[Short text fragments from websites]
============

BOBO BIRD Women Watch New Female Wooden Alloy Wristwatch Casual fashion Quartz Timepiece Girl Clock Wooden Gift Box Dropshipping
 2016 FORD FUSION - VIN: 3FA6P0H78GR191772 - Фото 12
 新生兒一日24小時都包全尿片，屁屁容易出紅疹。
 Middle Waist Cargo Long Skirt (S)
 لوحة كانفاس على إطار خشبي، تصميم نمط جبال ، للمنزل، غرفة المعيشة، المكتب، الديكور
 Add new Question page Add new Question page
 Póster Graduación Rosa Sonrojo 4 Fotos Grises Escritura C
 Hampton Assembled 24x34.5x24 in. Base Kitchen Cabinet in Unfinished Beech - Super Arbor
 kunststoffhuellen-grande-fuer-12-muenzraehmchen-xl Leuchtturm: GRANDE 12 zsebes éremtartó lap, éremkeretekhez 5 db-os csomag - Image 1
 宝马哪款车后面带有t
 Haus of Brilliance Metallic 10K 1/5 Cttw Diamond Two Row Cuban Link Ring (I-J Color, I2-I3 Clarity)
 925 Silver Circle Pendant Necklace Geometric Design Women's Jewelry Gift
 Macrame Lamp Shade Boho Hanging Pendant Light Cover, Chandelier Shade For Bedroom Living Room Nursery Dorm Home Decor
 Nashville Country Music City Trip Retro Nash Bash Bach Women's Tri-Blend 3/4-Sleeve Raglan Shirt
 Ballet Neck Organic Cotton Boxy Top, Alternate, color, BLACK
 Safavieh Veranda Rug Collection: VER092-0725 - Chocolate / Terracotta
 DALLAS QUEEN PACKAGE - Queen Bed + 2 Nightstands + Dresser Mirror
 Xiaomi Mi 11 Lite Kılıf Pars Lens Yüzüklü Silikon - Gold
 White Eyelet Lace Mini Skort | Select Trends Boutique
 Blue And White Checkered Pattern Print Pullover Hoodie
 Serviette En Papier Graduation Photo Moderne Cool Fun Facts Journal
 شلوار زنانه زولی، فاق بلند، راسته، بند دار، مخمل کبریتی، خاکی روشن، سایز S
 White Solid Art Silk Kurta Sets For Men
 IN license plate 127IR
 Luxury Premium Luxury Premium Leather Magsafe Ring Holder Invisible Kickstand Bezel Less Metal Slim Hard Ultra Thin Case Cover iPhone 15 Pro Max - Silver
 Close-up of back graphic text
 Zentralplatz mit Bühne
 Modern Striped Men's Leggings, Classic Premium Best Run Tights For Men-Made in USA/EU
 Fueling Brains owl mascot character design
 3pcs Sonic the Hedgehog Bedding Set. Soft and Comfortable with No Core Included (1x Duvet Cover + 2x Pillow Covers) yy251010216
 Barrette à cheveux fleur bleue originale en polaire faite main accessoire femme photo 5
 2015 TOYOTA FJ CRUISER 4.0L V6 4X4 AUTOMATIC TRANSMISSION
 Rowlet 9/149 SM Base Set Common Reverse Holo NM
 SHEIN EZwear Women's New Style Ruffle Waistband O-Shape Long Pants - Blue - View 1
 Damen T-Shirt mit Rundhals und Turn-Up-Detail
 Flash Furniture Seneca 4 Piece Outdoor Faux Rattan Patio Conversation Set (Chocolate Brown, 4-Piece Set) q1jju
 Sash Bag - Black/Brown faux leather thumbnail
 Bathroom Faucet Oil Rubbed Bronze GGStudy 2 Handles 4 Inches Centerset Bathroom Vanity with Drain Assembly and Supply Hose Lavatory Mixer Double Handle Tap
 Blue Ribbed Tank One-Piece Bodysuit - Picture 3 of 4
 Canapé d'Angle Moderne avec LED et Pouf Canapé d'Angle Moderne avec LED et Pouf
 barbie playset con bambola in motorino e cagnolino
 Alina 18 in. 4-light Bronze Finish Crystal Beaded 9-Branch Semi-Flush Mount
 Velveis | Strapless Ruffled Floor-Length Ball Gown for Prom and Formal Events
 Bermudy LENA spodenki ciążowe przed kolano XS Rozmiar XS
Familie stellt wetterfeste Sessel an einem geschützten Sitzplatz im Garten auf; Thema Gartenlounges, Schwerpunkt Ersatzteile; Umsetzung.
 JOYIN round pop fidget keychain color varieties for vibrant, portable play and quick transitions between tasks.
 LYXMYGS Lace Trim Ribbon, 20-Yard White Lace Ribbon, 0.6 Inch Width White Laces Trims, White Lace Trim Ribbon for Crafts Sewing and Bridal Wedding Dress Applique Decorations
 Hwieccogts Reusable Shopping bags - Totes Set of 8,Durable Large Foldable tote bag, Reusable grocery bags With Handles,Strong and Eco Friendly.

============

→ WORK INSTRUCTIONS
Count, and answer with the number only: how many lines of the data include the string "Blue"?

→ RESPONSE
3